There are plenty of occasions when "u-turn" is the most apt term but I don't like overusing it. We journalists and opposition politicians are always urging governments to change their mind and when they do it's all too easy to accuse them of a u-turn.
That said, there's little doubt that today's announcement saw a remarkable change in the First Minister's language.

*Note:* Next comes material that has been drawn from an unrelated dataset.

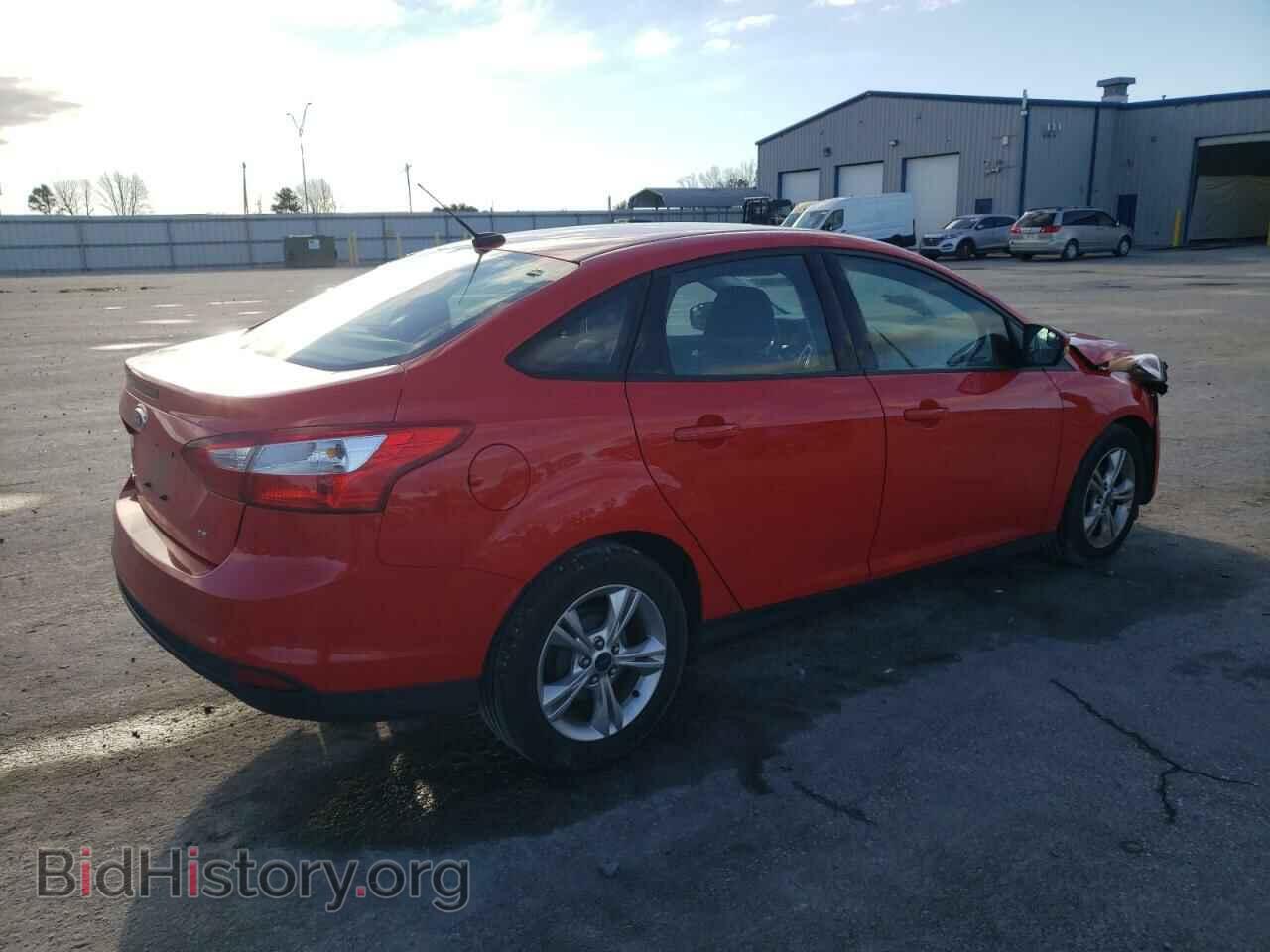 2014 FORD FOCUS - VIN: 1FADP3F23EL334249 - Photo 3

Wales, he said, is now in a "benign position" and the case numbers are falling rapidly.
I asked him if the modelling of the caseload used by the Welsh Government and which predicted that the omicron peak would come next week was wrong.

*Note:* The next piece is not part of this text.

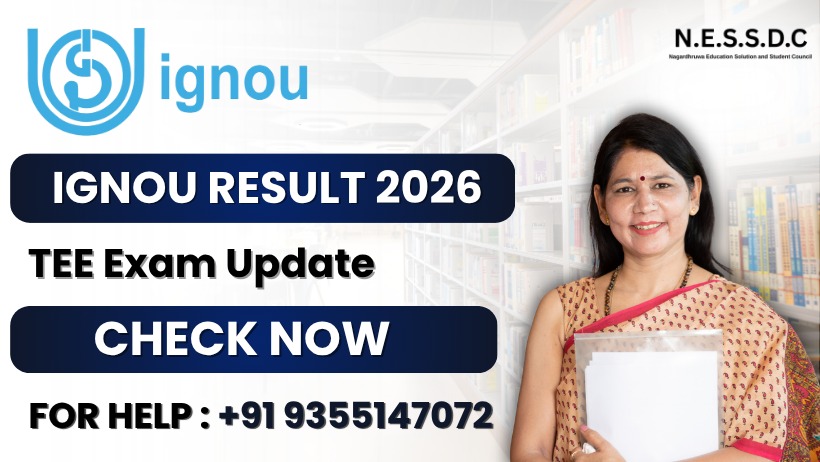 IGNOU Admission Graphic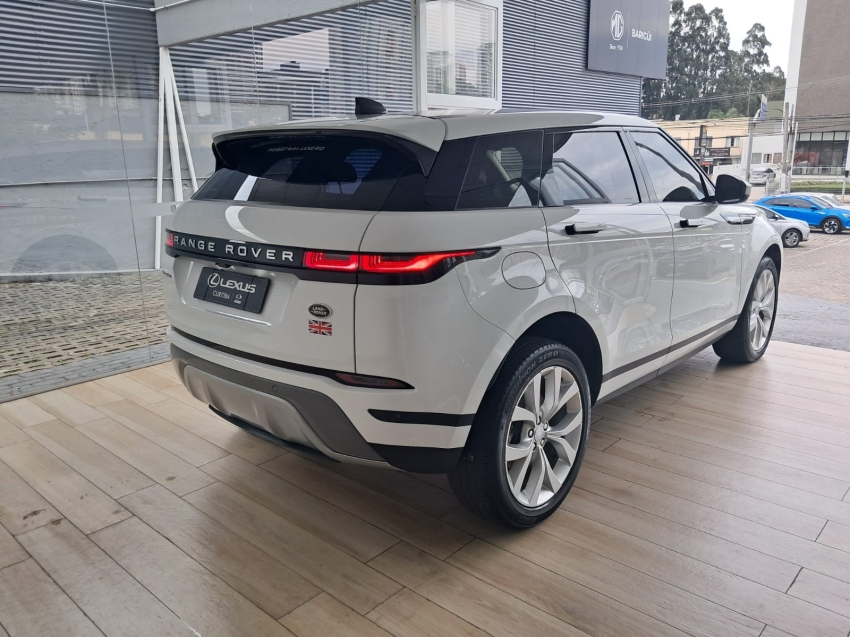 land rover range 4.4 p530 gasolina first edition awd automatico 2.0 flex 4p 20225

Mark Drakeford said: "I don't think the model was wrong in essence, because the model showed what has actually happened in practice: that very sharp rise and now a rapid decline."
But he acknowledged it had happened more quickly.
And he pointed out that, actually, his timetable for easing those restrictions that he announced today pretty much matches the fortnight that he predicted last week.
So undoubtedly a change and a happy one, but that hasn't stopped the Conservatives branding it a u-turn even if it's one that they welcome.
And there's a suggestion that perhaps another kind of storm: the one engulfing the Prime Minister, has provided some cover to make a significant change, knowing that both that political storm and the fact that it's widely welcome will result in less criticism.
Those suggesting that might invert a notorious political phrase: was this a good day to bury good news?